Facts and Procedural History
[3] Father and Mother (collectively, “the parents”) are the parents of the Child, who was born in February 2019. Upon the dissolution of their marriage on July 28, 2023, the parents shared joint legal custody of the Child with Mother having primary physical custody. The trial court ordered Father to pay $150 per week in child support, ordered “any non-contradictory provision of the [Indiana Parenting Time Guidelines (“IPTG”)] shall apply[,]” and ordered Father's parenting time shall be pursuant to the IPTG for a “child greater than 5 years of age and shall include Wednesday overnights as long as he can return [the Child] to the daycare provider prior to the bus arriving the next morning.” Appellant's App. Vol. II pp. 18, 19.
[4] In February 2024, Father filed a petition to modify the decree and a contempt petition. In May, the parties eventually resolved the pending matters by an agreement which was recited into the record and entered by the trial court as an order. The agreement provided Father an additional overnight with the Child each week, and provided, in relevant part, that Father “shall have Thursday overnight every week in addition to his weekly Wednesday overnight and every other weekend”; that the parents agreed to meet at a midway point to exchange the Child once school began in the fall; and that the parents shall keep each other apprised of changes to addresses, work locations, email addresses, and phone numbers. Id. at 20–21.
[5] On July 1, 2024, Mother moved with the Child from New Castle, Indiana, to Pierceton, Indiana. On July 11, 2024, Mother filed her Verified Notice of Intent to Relocate Pursuant to Indiana Code section 31-17-2.2. At that point, the Child was five years old and not yet enrolled in kindergarten, which she would start attending in the fall. On July 22, Father filed the Petition in response to Mother's notice, which included Father's “Objection to Relocation, Request for a Temporary Restraining Order Preventing Relocation, Petition to Modify Custody, Parenting Time, and Support, and Motion for Rule to Show Cause[.]” Id. at 24.
[6] On July 31, 2024, the trial court held a hearing on the matter where both parents testified. Mother explained that her move was for a better job with more consistent hours. See Tr. Vol. II p. 5. Mother's new job allowed her to “work with autistic kids ․ it's a healthcare facility. We do insurance and billing for sessions that we run to try to help the [c]hildren do like low-life coping skills to proceed into school.” Id. at 6. Moreover, she explained that in her previous job, she made fifty cents more per hour but had inconsistent hours of employment, but her new job provided consistent hours, where Mother would work forty hours a week. The new job also included health, dental, vision insurance, retirement benefits, childcare reimbursement, and a health savings plan. Mother acknowledged to having resided at four different residences within the last two years.

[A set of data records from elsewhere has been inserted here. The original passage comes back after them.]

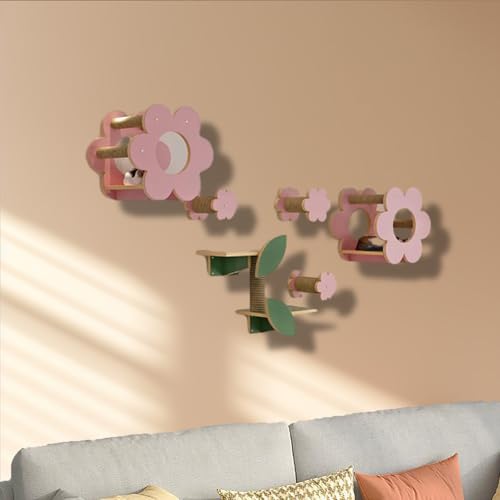 ZSXZCBDQ Katzenwandmöbel, Katzen-Gymnasium, Katzenkletterwand Set, Katzensitz, Katzenbett für Katzen, Stufenmontage, Katzenhaus(7PCS) von ZSXZCBDQ
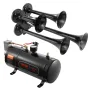 Train Horns Kit 4 Trumpet Air Horn Kit 120 psi Air Compressor 3.03 L Tank
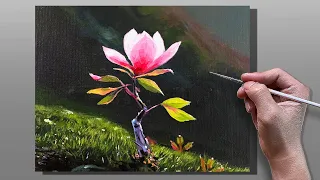 Acrylic Painting Glowing Flower / Correa Art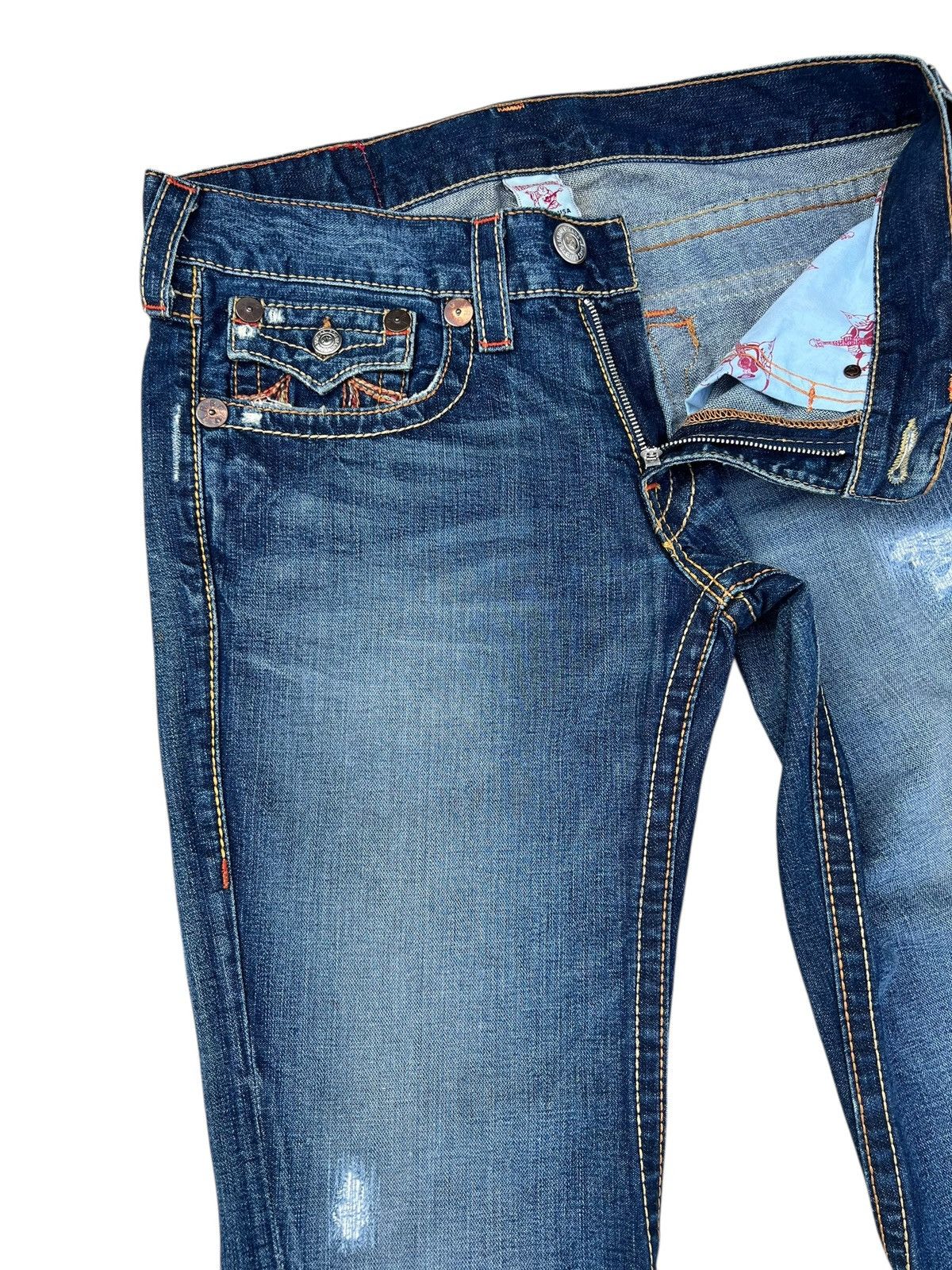 True Religion VTG Y2K True Religion Rainbow Joey Denim Super Flare Jeans Size US 33 - 8 Thumbnail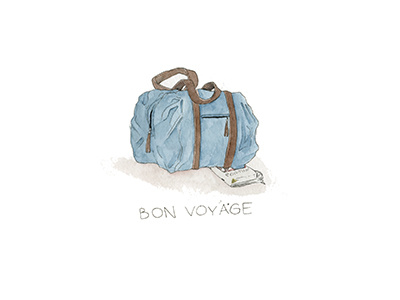 Bon Voyage apparel bag duffel illustration travel watercolor weekender
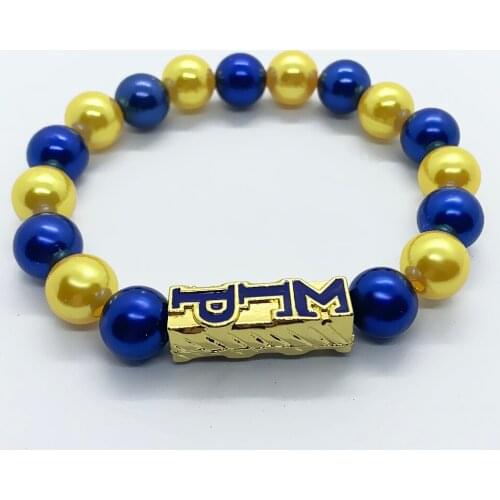 New Fashion enamel color metal Greek letter SIGMA GAMMA PHO bead pendant elastic bracelet sorority society jewelry bangle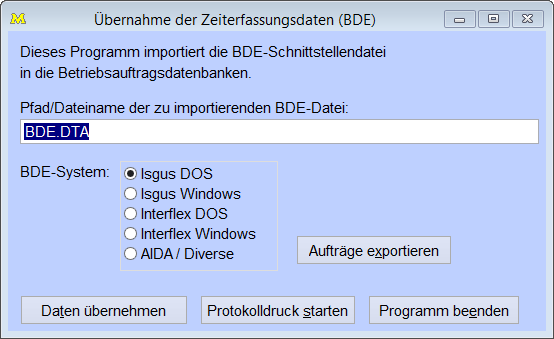 ÜbernahmeDerZeiterfassungsdatenBDE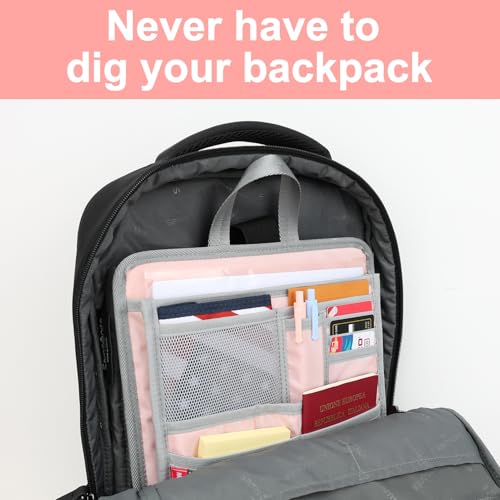 Stiff Backpack Insert Organizer for Men Women Bag In Bag,Water-repellent Nylon 13.7''x10.2''x2''-Pink - color: Pink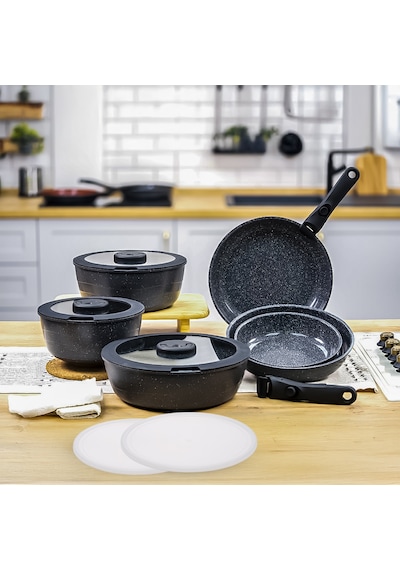 Thermoad Pratica Serisi 12 Parça Tencere Ve Tava Set Gri Gri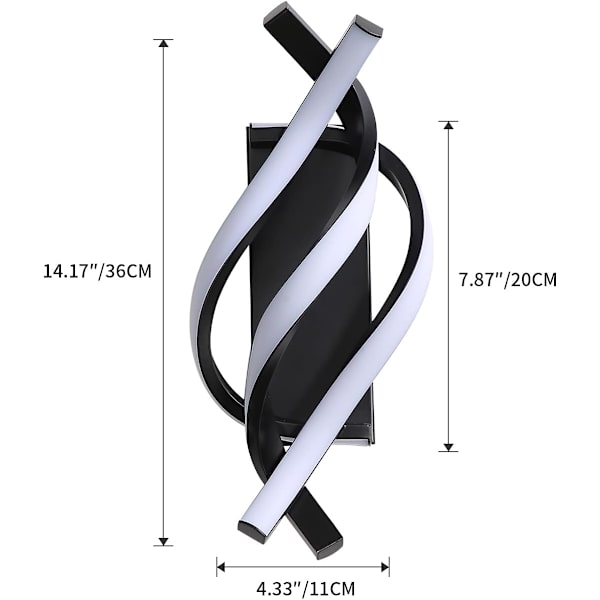 Indendørs væglampe, LED moderne væglampe 19W buet design, LED Wa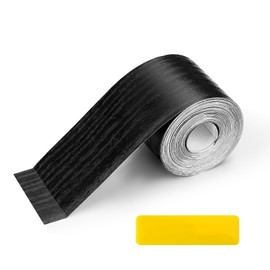 Roucerlin Black Wood Grain Wallpaper Border, Waterproof PVC Mirror Frame Peel and Stick, Self Adhesive Removable Mirror Trim Border for Bathroom Bedroom Skirting (2 * 393 in)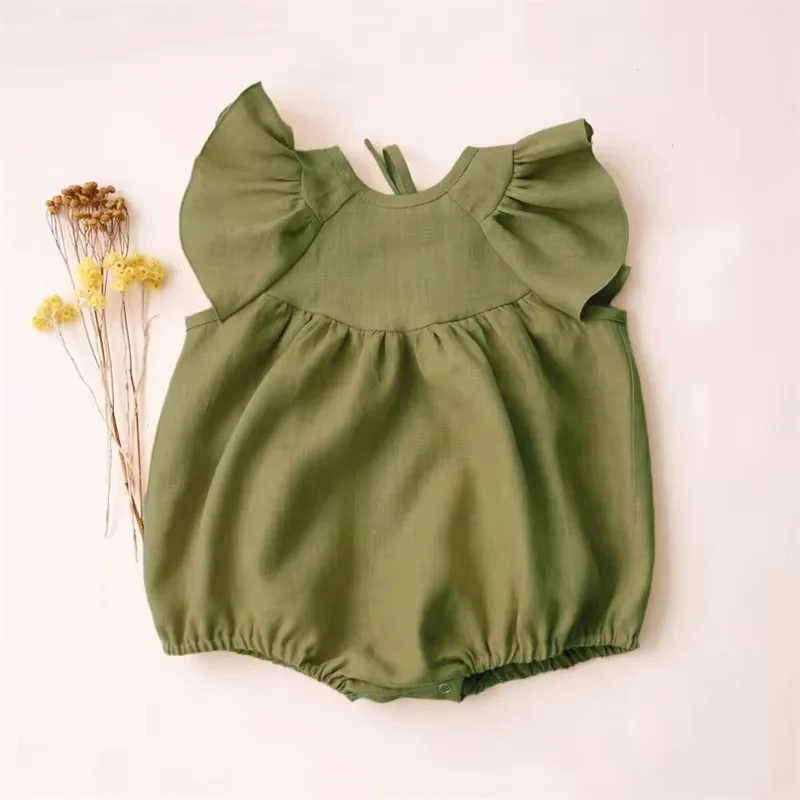 Summer Newborn Linen Cotton Bodysuit Solid Color Baby Girl Romper Infant Onepiece Clothing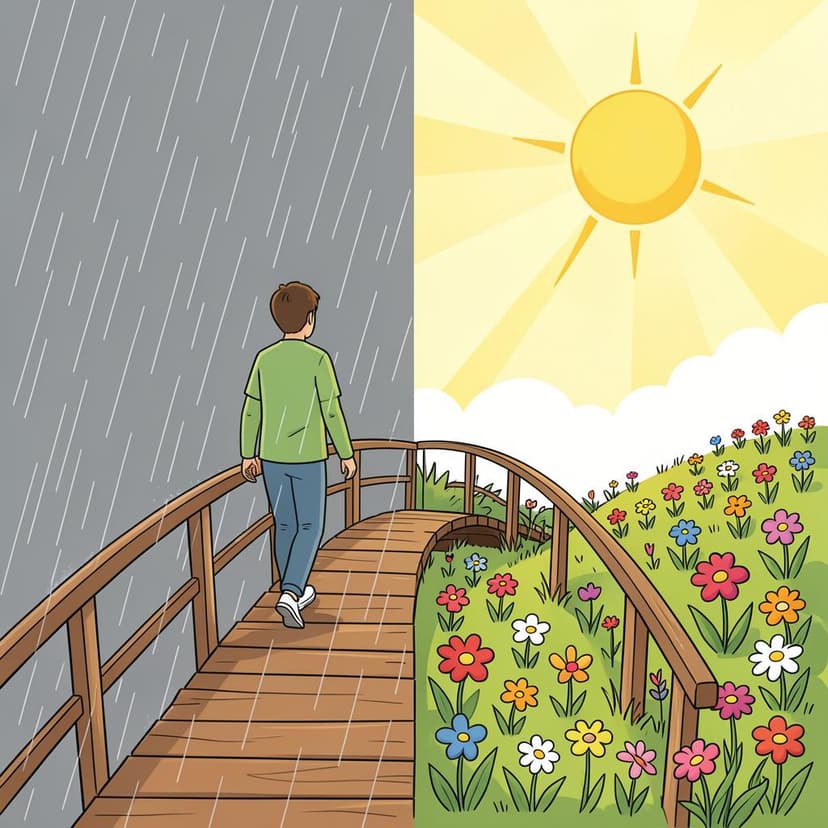 A person walking across a bridge from a dark, rainy landscape toward a bright, sunlit meadow filled with flowers.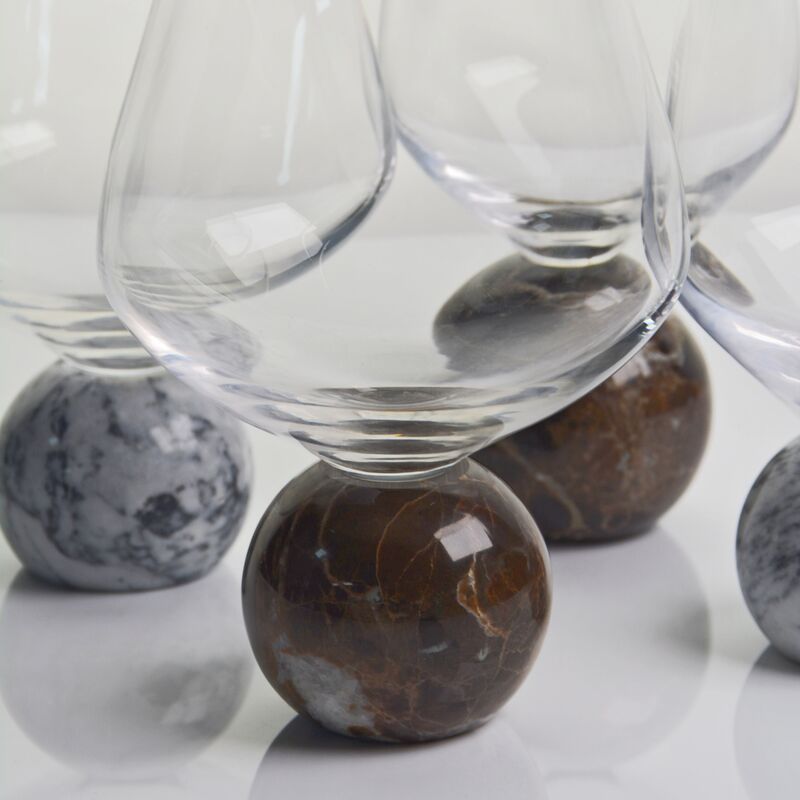 kualitas Marble Sphere Base Crystal Wine Glass Set Handblown Ultra Clear Crystal with Natural Stone Elegance Ideal for Daily and Special Gatherings pabrik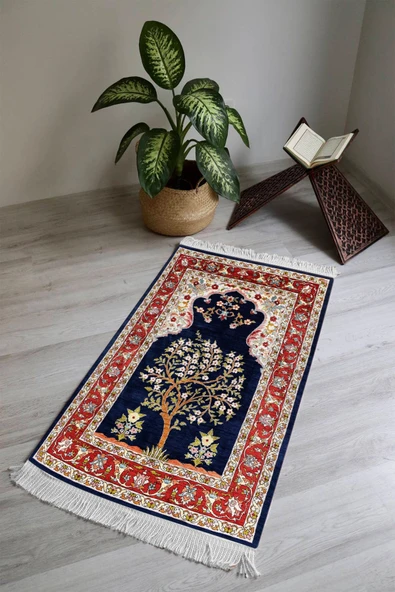 Dijital Baskı Kaymaz Tabanlı Yıkanabilir Püsküllü Seccade SCD0009 RENKLİ 70 X 110 ürün görseli 1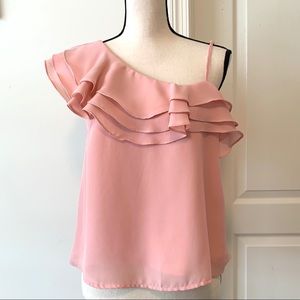 J.O.A. Los Angeles One Shoulder Ruffle Blouse—SZ S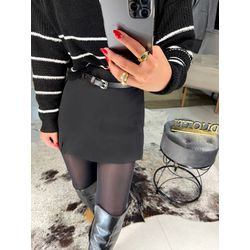 Short saia alfaiataria preto - 1068 - Duotti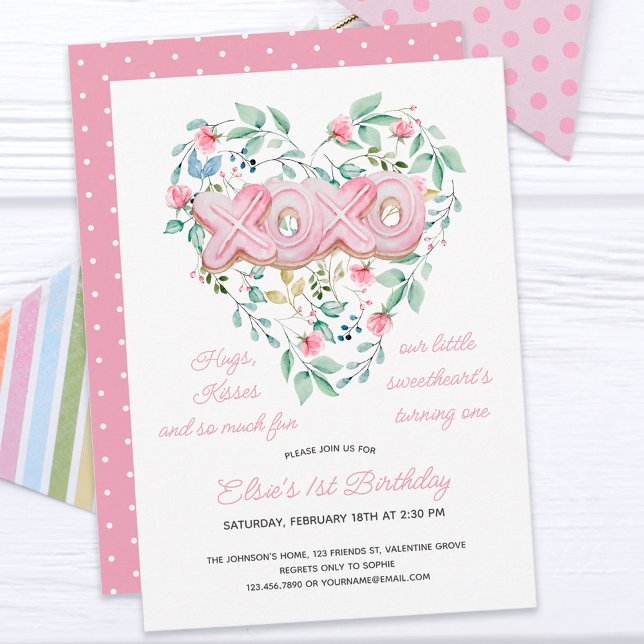 Invitation XOXO Cookie Rose Délicieuse Fille Florale 1er anni (Créateur téléchargé)
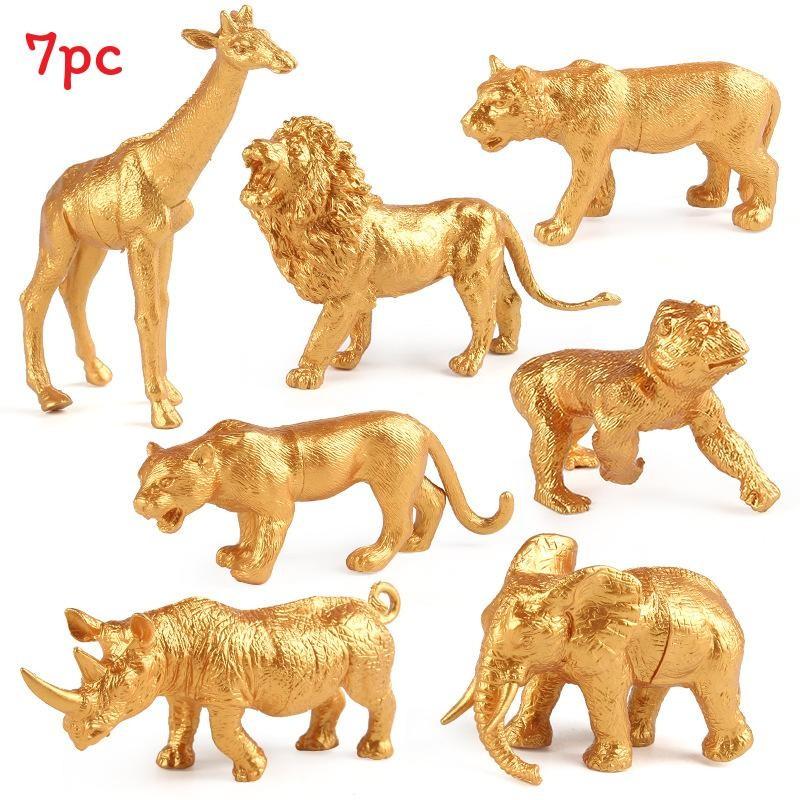 

Жираф Лев Носорог Дикая природа Золотая Фигурка Настольное Украшение Набор Подарок Дисплей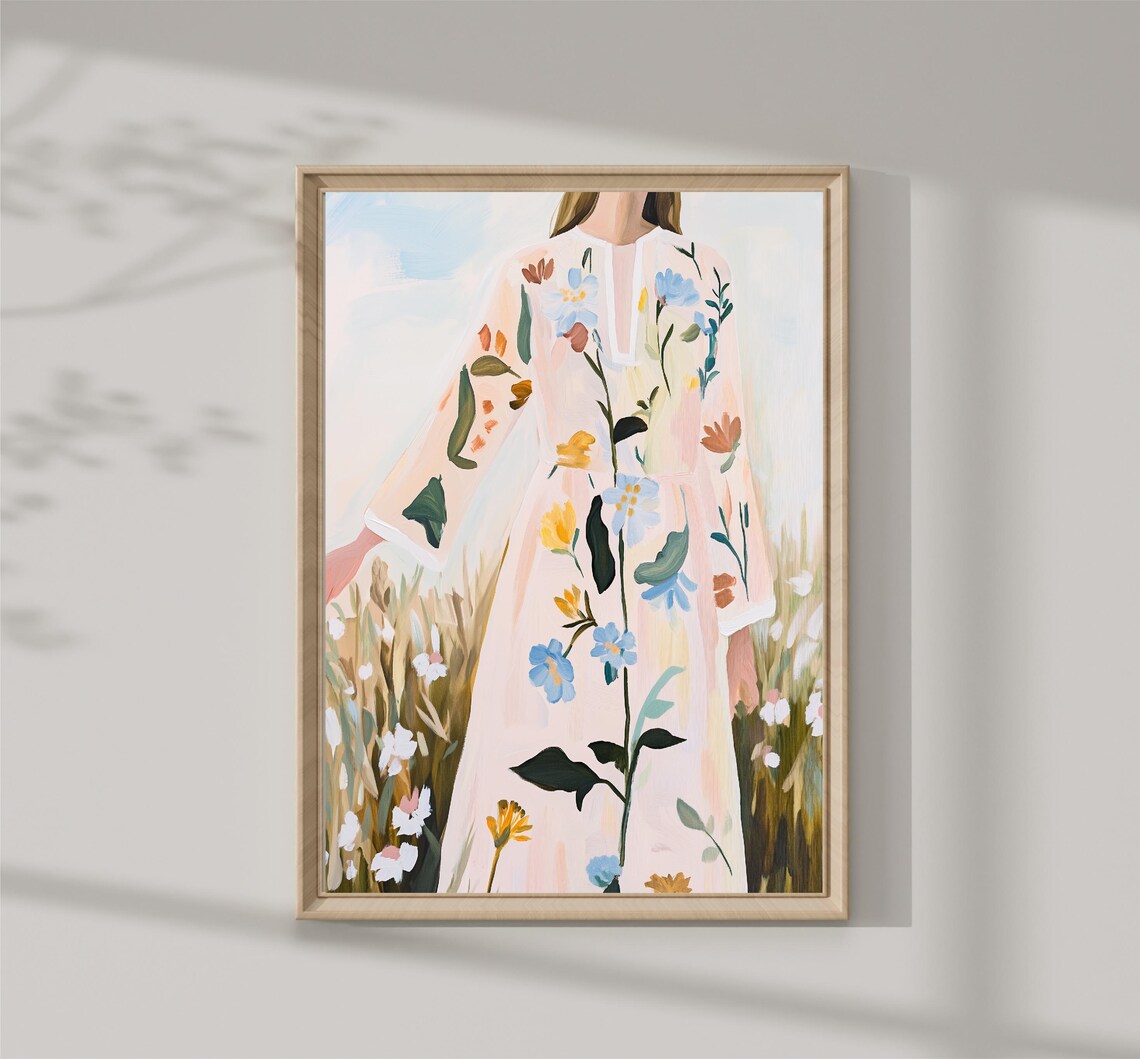 Woman In Floral Dress Standing In Wildflower Field Dreamy Print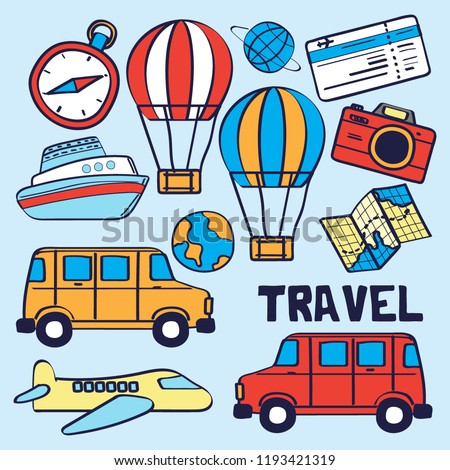 Travel icon in a cute cartoon doodle style, vector illustration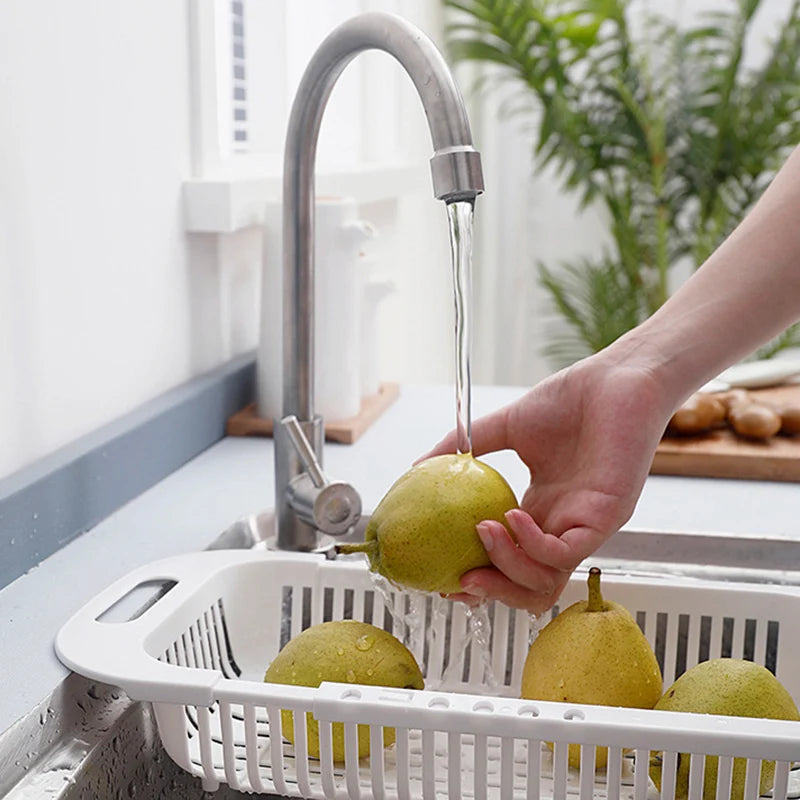 Kitchen Storage Rack Soap Sponge Rack Adjustable Vegetable Drain Basket Sink Rack Retractable Multifunctional Kitchen Tools Beauty World Shop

[7] Father testified to learning of Mother's relocation “three weeks ago” when he picked the Child up for his visitation and explained that Mother failed to communicate that she was considering moving. Id. at 33. Rather, Father explained Mother only disclosed that “she was looking for a new job.” Id. at 34. Father further explained Mother had not been forthcoming with her previous address changes. See id. at 37.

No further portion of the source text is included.